# ****New Walstad Tank: Questions on Soil, Cycling, and Lighting****



## Jaeroo (Mar 24, 2015)

Hi guys, I am new to the Walstad method and have a 20g long and an Aqueon Evolve 4 (barely 3g and about 2.5g of swimming room) that I want to use the method on (I have read her book too, btw). I mineralized my Miracle Gro Organic Potting Soil (I think?) by soaking it and drying it in the sun about four times and then sifting out the sticks and rocks. I have decided to cycle the tank beforehand instead of adding fish the day of only because I may not buy as many plants as Diana suggests and they might not be as healthy as the plants she would use from her other well established tanks to start a new one. I fear that the balance would be off because of this and I really don’t want any fish to die right off the bat. As you probably already figured, I want to do fishless cycling and have bought ammonium chloride solution to start building bacteria (from Dr. Tim’s Aquatics). I have a few questions regarding the soil, cycling, and lighting.

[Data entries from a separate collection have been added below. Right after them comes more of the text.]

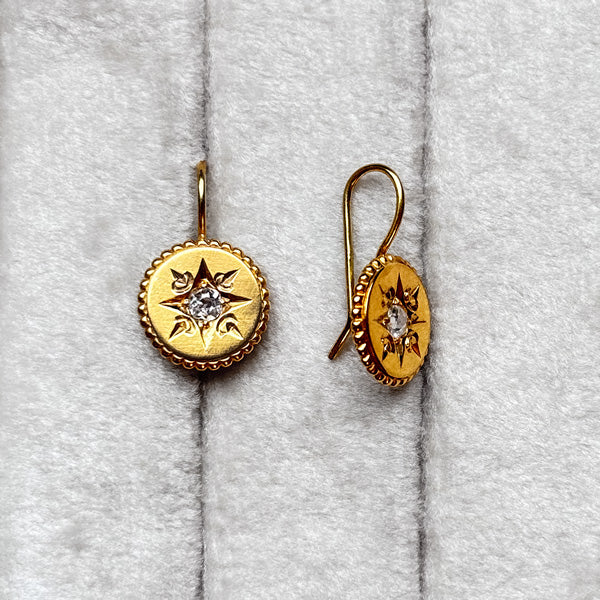 Victorian Diamond Gold Disk Earrings, sold by Doyle & Doyle antique and vintage jewelry boutique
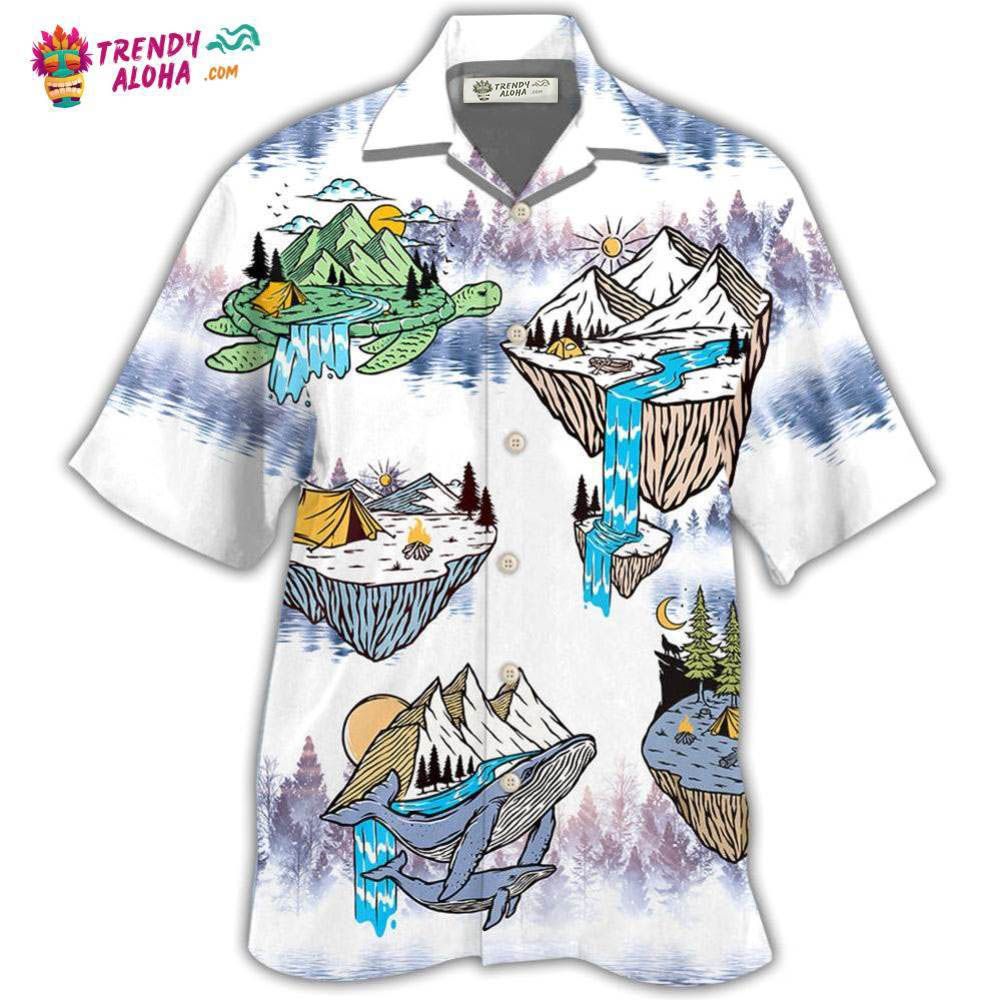 Camping Turtle And Shark Hawaiian Shirt – Trendy Aloha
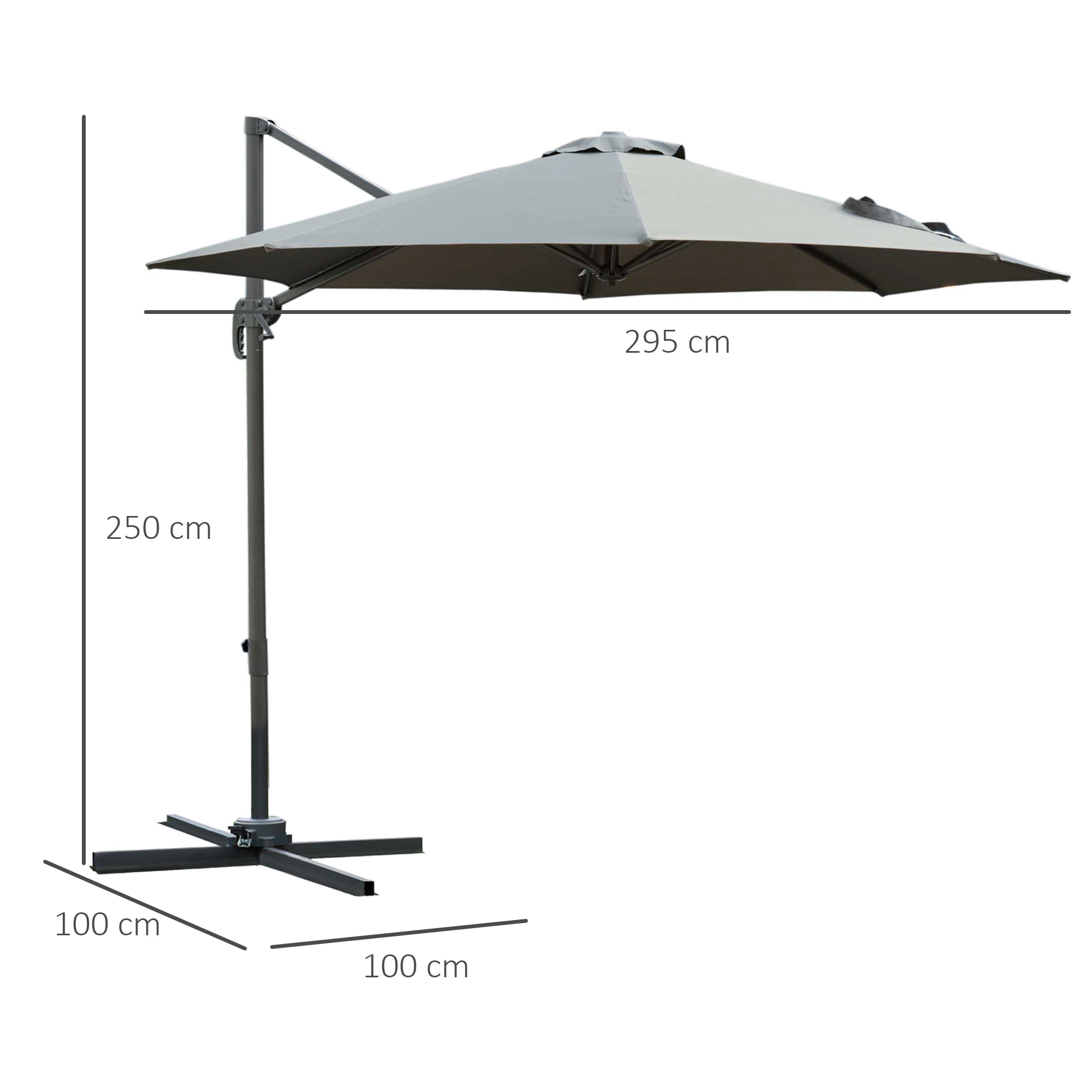 Parasol déporté octogonal inclinable rotatif 360° manivelle piètement acier mât alu. dim. Ø 2,95 x 2,5H m polyester haute densité gris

Q1: Soil: I have heard that I should mineralize the soil and have already explained what I have done so far with it.

•	I have red clay that I will dry out, crumble into dust, and mix in with it. Is this okay? I have it solely for the purpose of bringing out the redness in plants.

•	Also, I have no idea if my water is soft or not (I sent out a water hardness test to Home Depot, but I haven’t gotten a reply yet). My mom mentioned that we have a water system with limestone in it? I think that makes water soft, right? (we have well water) I have crushed oyster shells and am wondering if I should use those mixed into the soil to make the water harder? (Only because I’ve heard that most tropical fish do better in hard-ish water rather than soft. Except angels, but I’m not getting those.)

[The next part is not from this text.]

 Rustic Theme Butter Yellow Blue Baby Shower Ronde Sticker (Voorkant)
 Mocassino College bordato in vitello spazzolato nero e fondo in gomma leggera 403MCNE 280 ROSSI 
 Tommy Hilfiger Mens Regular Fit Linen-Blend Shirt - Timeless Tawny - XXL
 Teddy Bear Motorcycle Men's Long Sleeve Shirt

•	I also heard that people have a 50/50 mix of soil and something else because the soil is too nutrient rich? Thoughts on this? I figured since I mineralized the soil it would be more stable (like humus?) and would have less chance of spiking. (I will have duckweed also)

•	I was thinking 1.5 inches with a 1.5-2 inch cap would be fine. I will probably make the soil layer thinner in the Evolve 4. Thoughts on this?

Q2: Cycling: Doing fishless with ammonium chloride solution.

•	I did a little researching and I think that it’s okay to cycle the tanks without anything in it. I think I am going to go through the process with just water in it and when everything is ready I’ll drain it, keeping the filter media soaked/submerged so the bb doesn’t die, put the dirt in, place the plants in, etc. Is this safe to do? Opinions?

•	If this is safe to do, I was thinking to wait a few days after putting plants and dirt in, just in case the water levels are weird so that it can all be balanced before adding fish. Or should I just add fish when the dirt and plants are to be added?
Q3: Lighting: Okay, this is probably the worst thing ever for me and has been holding me back from getting everything started. I don’t think I’ll need them for cycling so I can at least do that while I’m trying to figure out what to buy.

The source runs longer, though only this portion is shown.